Begin with the line holding "Porsche 356 B" and end with the last line of the records below. Set down exactly those lines and leave out every picture.

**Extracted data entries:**
- Opening Delimiter -
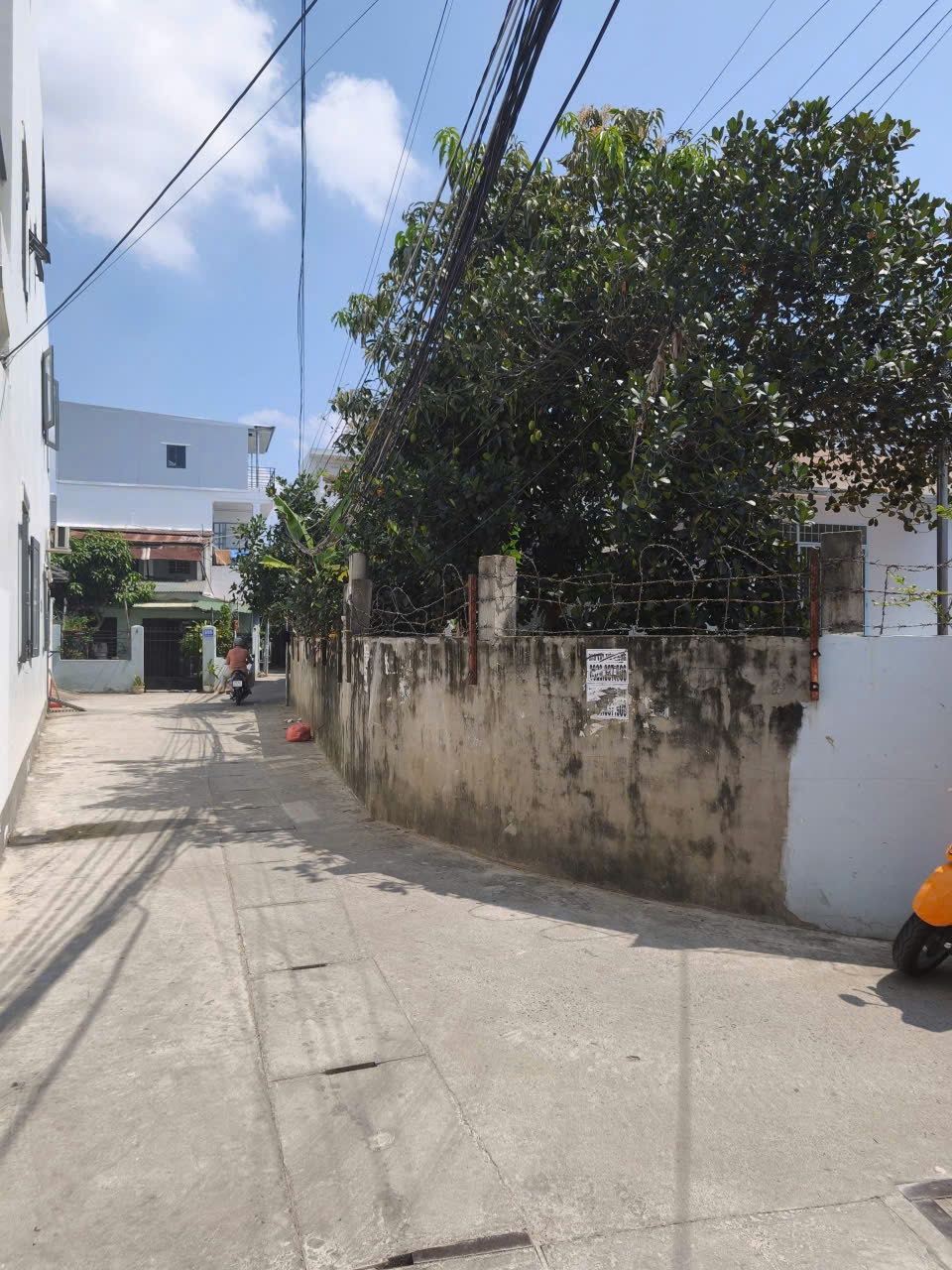 Bán nhà xưởng hẻm 58 Lương Định Của (hẻm thông ra khu tái định cư Ngọc Hiệp)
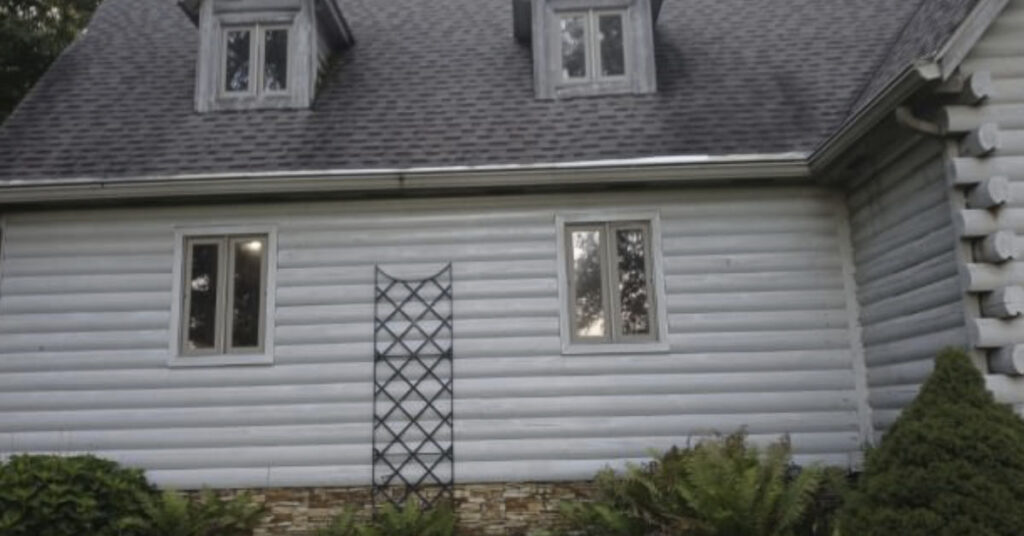 Jeff and Shannon Log Home Featured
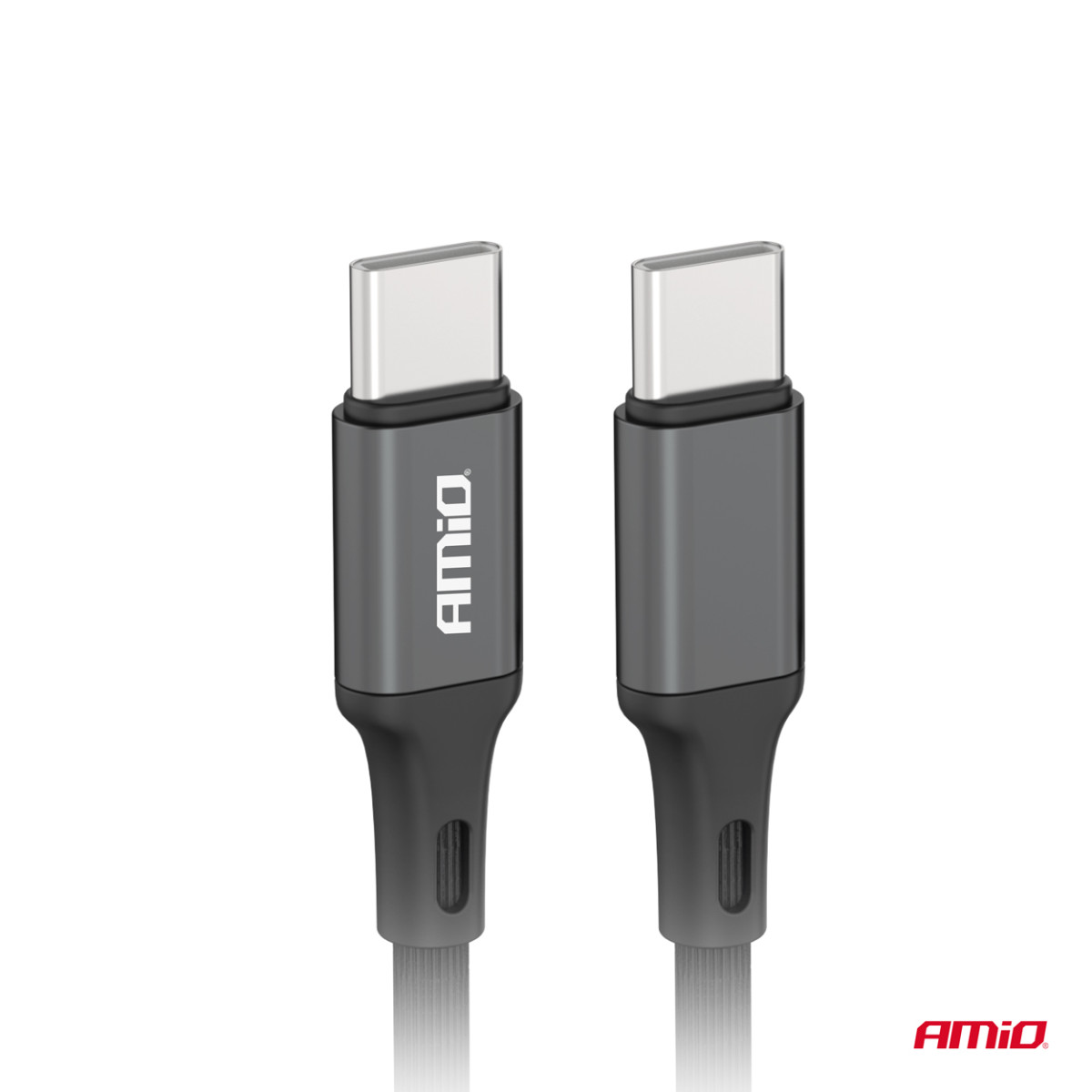USB-C - USB-C-kaapeli 60W 200cm FullLINK AMIO-03903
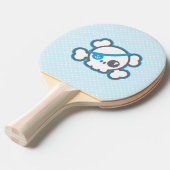 Kawaii Pirate Skull Ping Pong Paddle Tafeltennisbatje (Voorkant Gekanteld)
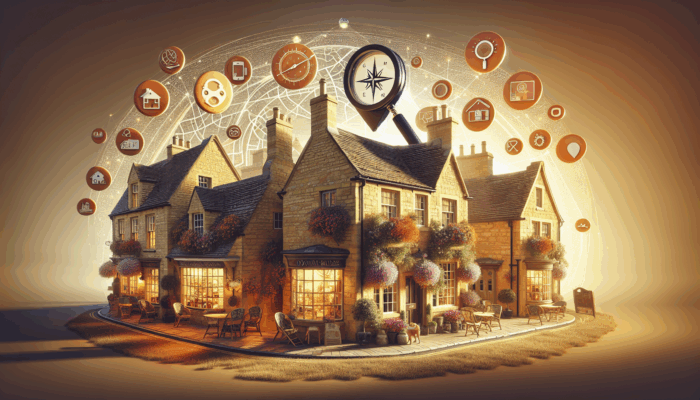 A small business in Stow-on-the-Wold using local SEO strategies to enhance online visibility.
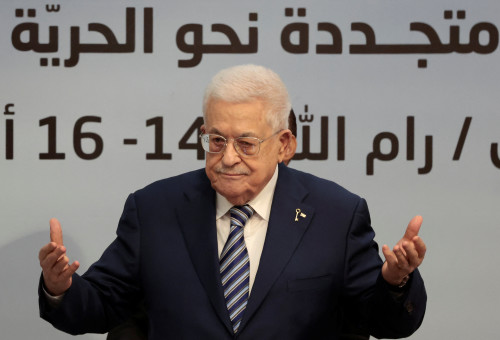 מחמוד עבאס (אבו מאזן) (צילום: REUTERS/Mohammed Torokman)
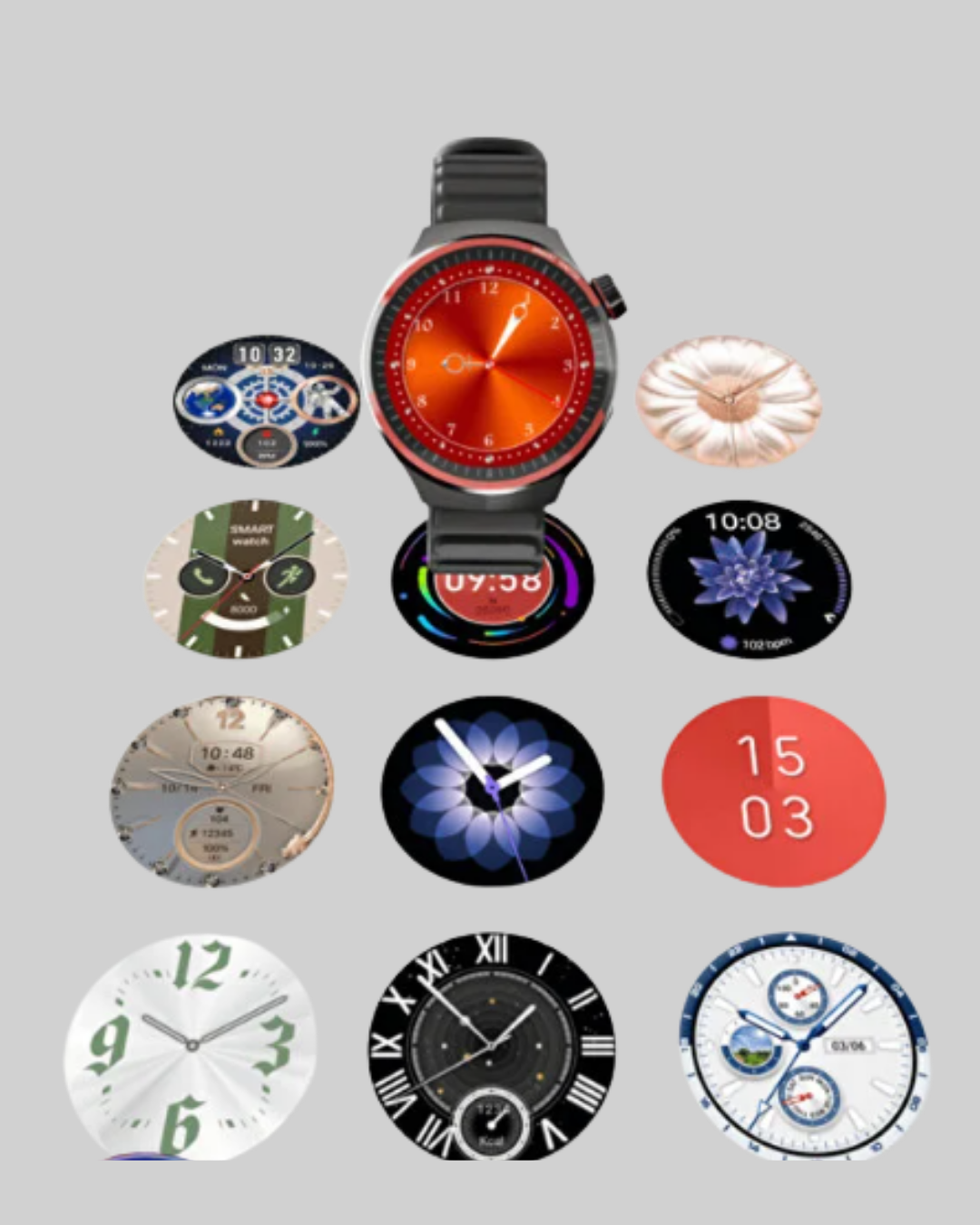 ABS Gövdeli 300ml USB Nemlendirici – Beyaz, Gri, Pembe Renk - Lisinya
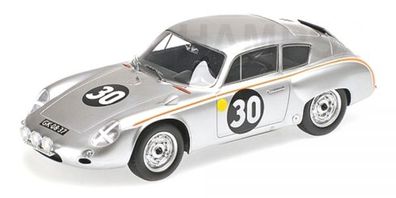 Porsche 356 B 1600 GS Carrera GTL Abarth No.30 24h LeMans 1962 (Pon - De Beaufort)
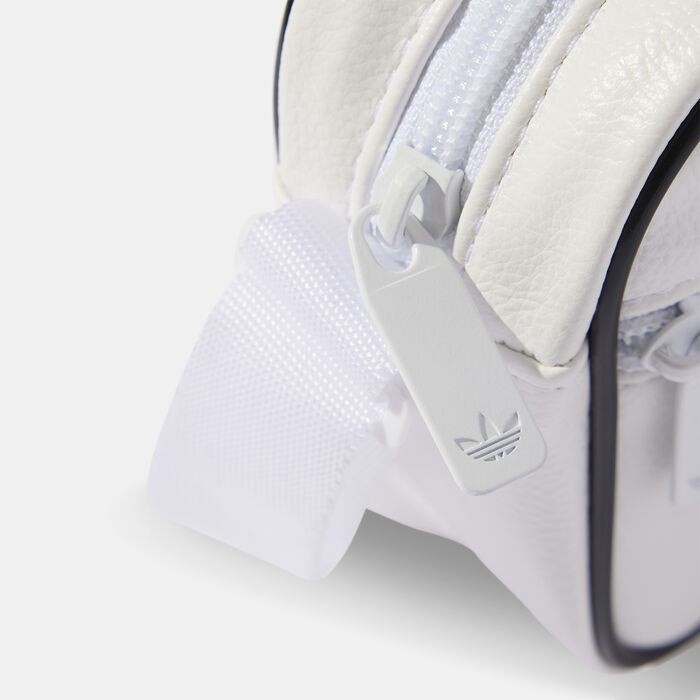 adidas Originals Men's Adicolor Classic Mini Crossbody Bag White image number 4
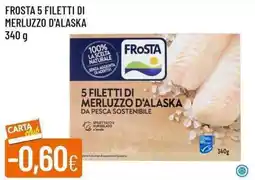 Galassia Frosta 5 filetti di merluzzo d'alaska offerta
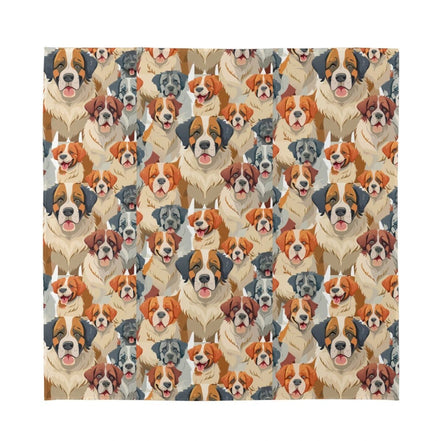 All-Over Print Unisex Silk Bandana by Yoycol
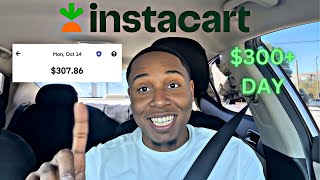 I Went BALLISTIC Doing Instacart On A Monday [upl. by Ardra]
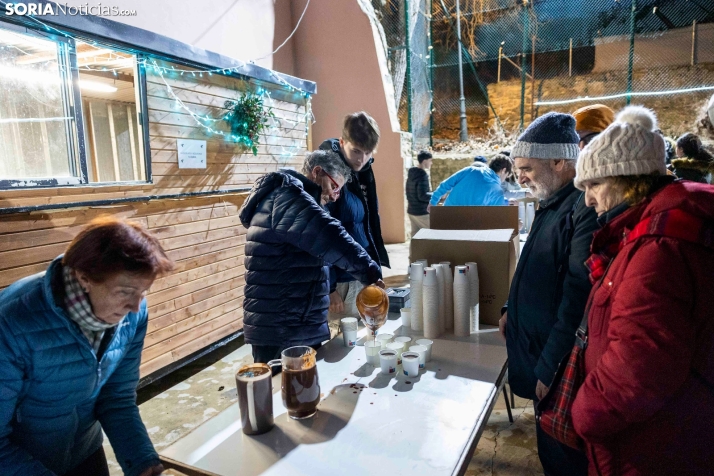 Belén Viviente de Oncala 2025./ Viksar Fotografía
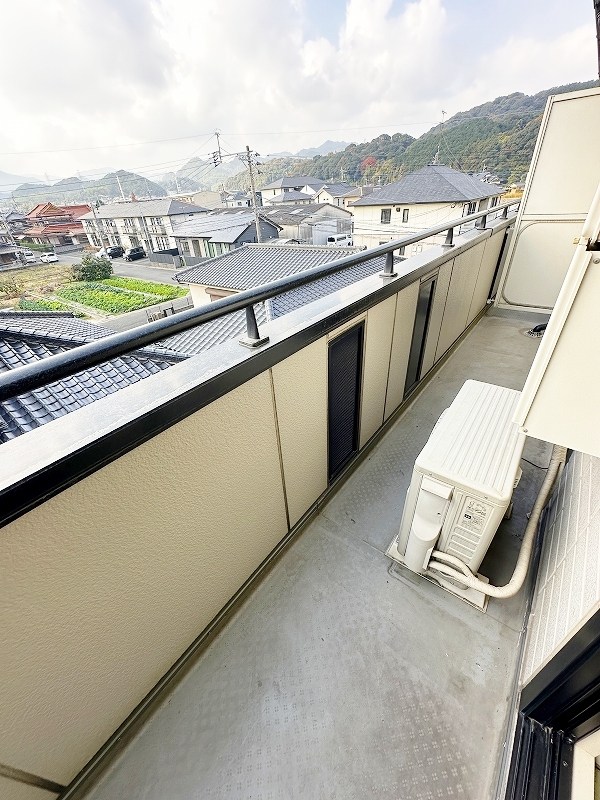 フロンティアＳ  ベランダ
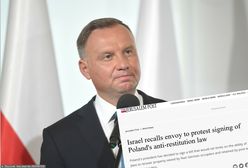 Izraelskie media o Polsce: Blokuje zwrot mienia zagrabionego przez hitlerowców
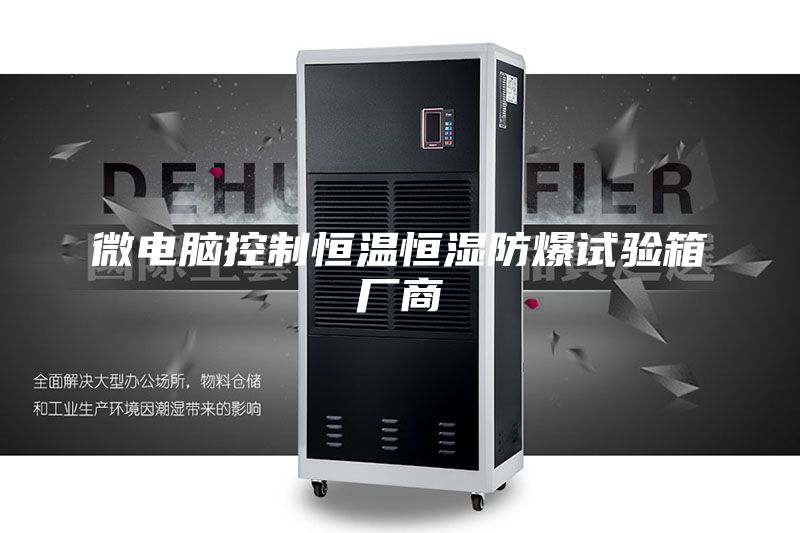 微電腦控制恒溫恒濕防爆試驗箱廠商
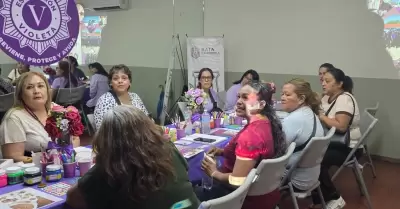 Realiza Escuadr�n Violeta jornada preventiva para mujeres en Valle de Puebla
- Closing Delimiter -
**Solution:**
 Porsche 356 B 1600 GS Carrera GTL Abarth No.30 24h LeMans 1962 (Pon - De Beaufort)
 adidas Originals Men's Adicolor Classic Mini Crossbody Bag White image number 4
 Galassia Frosta 5 filetti di merluzzo d'alaska offerta
 All-Over Print Unisex Silk Bandana by Yoycol
 I Went BALLISTIC Doing Instacart On A Monday [upl. by Ardra]
 Belén Viviente de Oncala 2025./ Viksar Fotografía
 フロンティアＳ  ベランダ
 Izraelskie media o Polsce: Blokuje zwrot mienia zagrabionego przez hitlerowców
 微電腦控制恒溫恒濕防爆試驗箱廠商
 Realiza Escuadr�n Violeta jornada preventiva para mujeres en Valle de Puebla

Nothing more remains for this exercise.